Over the course of the film, they incorporate lingerie, face-sitting, and bondage into their role-play, and the more physical it gets, the more we see Cynthia struggling with her relationship with Evelyn.
The existence of butterflies is a giant thread that runs throughout the film (the “Duke of Burgundy” quite literally being the name of a type of butterfly), the importance being that it is both ladies’ passions and areas of study. The beautiful creatures are displayed by the hundreds in Cynthia’s house- hung on thin pins in glass shadow boxes (one of Eveyln’s “chores” is to dust the delicate collection). An obvious, but true, correlation is the similarity between Cynthia and these butterflies; Both are strong, independent and beautiful, yet extremely fragile. Despite her tough outward demeanor as a sado-masochistic leader, Cynthia shows weakness and uncertainty in her eyes as their relationship gets more intense. Over the course of the film, they incorporate lingerie, face-sitting, and bondage into their role-play, and the more physical it gets, the more we see Cynthia struggling with her relationship with Evelyn. She is not happy, but her unhappiness unfazes Evelyn, who seemingly gets off even more by Cynthia’s nonchalance, ultimately leading to an emotional and physical breaking point.
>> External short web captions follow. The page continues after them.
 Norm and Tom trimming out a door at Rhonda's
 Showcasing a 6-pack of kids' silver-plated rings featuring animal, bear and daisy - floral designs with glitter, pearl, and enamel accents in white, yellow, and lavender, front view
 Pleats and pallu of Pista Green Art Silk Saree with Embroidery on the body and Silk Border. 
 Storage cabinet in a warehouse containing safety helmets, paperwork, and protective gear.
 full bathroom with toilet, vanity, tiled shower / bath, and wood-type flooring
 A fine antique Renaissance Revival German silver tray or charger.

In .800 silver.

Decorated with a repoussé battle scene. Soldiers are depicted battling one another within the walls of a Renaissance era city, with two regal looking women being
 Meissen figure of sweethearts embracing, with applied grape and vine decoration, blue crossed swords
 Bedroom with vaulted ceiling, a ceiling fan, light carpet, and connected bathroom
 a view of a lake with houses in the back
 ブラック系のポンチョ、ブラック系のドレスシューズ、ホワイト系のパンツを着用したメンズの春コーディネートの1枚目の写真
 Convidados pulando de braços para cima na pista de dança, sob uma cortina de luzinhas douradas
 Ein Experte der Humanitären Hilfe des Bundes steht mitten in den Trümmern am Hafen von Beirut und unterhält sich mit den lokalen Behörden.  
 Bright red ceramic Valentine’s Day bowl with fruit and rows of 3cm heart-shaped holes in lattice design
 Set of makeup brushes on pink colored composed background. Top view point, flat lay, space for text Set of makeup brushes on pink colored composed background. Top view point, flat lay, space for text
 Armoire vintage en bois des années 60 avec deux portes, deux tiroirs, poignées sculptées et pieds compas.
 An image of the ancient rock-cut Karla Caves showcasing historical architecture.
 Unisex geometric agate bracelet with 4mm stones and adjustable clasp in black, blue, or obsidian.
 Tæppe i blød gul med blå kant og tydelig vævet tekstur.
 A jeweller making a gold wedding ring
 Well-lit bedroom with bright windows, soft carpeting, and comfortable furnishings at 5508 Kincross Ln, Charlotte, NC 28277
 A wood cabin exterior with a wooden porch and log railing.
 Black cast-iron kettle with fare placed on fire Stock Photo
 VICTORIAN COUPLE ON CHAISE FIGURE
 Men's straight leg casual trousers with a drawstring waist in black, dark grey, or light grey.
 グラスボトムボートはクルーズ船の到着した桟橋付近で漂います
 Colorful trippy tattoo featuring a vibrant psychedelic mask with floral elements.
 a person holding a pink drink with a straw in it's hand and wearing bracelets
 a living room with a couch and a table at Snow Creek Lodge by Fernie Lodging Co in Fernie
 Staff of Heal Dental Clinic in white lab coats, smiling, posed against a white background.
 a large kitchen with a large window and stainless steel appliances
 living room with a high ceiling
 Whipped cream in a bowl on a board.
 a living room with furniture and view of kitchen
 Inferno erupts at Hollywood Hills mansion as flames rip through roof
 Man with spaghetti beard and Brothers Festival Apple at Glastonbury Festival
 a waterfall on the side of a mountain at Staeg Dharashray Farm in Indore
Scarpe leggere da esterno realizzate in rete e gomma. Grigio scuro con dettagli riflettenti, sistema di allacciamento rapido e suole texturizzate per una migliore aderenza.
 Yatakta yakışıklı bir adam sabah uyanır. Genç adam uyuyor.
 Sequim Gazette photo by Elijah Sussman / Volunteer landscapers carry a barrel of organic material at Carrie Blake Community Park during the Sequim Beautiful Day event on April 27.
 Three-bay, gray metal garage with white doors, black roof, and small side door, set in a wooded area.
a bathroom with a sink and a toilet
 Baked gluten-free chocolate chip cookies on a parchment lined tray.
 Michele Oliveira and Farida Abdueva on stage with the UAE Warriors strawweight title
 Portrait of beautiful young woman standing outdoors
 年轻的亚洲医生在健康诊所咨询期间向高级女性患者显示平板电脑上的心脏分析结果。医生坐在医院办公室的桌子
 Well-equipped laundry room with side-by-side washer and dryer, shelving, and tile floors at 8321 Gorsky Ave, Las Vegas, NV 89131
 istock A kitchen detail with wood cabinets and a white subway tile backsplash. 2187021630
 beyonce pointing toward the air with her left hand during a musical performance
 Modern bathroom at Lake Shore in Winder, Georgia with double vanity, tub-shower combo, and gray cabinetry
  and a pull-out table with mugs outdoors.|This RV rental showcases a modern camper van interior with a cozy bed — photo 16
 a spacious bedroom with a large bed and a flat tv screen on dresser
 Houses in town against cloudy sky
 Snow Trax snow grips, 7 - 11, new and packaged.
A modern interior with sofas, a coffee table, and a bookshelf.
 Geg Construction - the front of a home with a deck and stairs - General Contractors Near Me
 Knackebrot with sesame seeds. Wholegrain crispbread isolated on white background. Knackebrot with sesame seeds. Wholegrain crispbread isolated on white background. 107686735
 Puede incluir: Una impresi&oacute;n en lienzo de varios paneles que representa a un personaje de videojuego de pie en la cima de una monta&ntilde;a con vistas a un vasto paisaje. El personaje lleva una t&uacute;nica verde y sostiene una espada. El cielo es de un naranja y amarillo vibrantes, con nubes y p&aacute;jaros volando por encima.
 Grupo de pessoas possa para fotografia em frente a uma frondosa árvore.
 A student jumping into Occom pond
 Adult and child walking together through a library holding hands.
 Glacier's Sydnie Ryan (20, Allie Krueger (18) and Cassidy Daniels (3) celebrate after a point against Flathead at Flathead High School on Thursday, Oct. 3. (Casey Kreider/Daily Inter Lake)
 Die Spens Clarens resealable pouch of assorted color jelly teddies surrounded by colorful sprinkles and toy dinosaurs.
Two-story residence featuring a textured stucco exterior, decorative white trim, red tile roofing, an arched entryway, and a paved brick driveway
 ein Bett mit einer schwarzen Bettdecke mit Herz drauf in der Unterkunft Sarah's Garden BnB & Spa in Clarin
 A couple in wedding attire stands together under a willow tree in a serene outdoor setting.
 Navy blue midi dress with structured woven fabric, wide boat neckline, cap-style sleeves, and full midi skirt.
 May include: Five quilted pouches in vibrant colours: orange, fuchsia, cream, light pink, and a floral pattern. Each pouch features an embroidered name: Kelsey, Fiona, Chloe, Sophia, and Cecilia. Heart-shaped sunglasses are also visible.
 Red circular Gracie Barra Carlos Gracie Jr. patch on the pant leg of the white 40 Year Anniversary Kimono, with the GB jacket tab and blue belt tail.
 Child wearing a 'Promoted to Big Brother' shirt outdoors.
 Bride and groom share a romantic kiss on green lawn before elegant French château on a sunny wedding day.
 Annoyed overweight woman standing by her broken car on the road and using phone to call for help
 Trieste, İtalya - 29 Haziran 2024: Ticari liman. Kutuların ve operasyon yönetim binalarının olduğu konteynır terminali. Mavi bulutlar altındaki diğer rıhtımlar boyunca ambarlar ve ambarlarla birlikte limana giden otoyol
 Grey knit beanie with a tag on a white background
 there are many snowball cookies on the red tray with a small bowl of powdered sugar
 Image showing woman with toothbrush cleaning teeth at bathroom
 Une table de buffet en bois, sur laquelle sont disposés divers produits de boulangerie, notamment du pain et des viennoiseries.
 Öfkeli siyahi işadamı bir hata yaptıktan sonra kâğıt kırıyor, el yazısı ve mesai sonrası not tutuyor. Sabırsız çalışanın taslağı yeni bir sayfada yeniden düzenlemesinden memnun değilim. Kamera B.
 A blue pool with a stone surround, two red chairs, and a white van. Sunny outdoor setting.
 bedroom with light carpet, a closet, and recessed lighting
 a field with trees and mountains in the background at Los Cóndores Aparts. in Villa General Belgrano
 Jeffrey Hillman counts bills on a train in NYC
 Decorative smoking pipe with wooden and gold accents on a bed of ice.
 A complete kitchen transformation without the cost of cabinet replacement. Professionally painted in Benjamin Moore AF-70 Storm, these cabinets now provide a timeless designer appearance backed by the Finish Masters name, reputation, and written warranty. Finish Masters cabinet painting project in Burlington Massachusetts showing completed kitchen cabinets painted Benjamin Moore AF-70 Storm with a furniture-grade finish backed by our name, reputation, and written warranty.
Writer and director Peter Strickland certainly had a vision for The Duke of Burgundy, his keen eye towards building tension and holding suspense is successfully put to use here. Cinematically, the colors and texture of each scene act as a supporting character. It gives off a fantastically haunting vibe that mirror the characters on screen. The music, performed by Cat’s Eyes, sounds like a daydream of multi-instrumental, atmospheric pop similar to my favorite rock outfit, Beach House. All of the above give this film a stylized look that Andy Warhol would have been a fan of.
What makes The Duke of Burgundy so great is that the entire movie is a slow reveal; no piece of information is given away too quickly. We learn more about Cynthia and Evelyn as the film develops, making it extremely engaging and which keeps us excitedly guessing as to what will happen next. It is an erotic mystery drama, a genre that I believe Strickland created himself, and which he executes well. With the upcoming release of 50 Shades of Grey, audiences are becoming more open to the idea of seeing such a taboo subject on screen, but unlike 50 Shades, this outrageous S&M material is about two women disguised as proper and sophisticated lepidopterists whose groundbreaking and exploratory relationship makes for an unconventional piece of genre-bending film.
The Duke of Burgundy opens at Landmark’s Nuart Theatre in West LA and IFC Center in New York on Friday.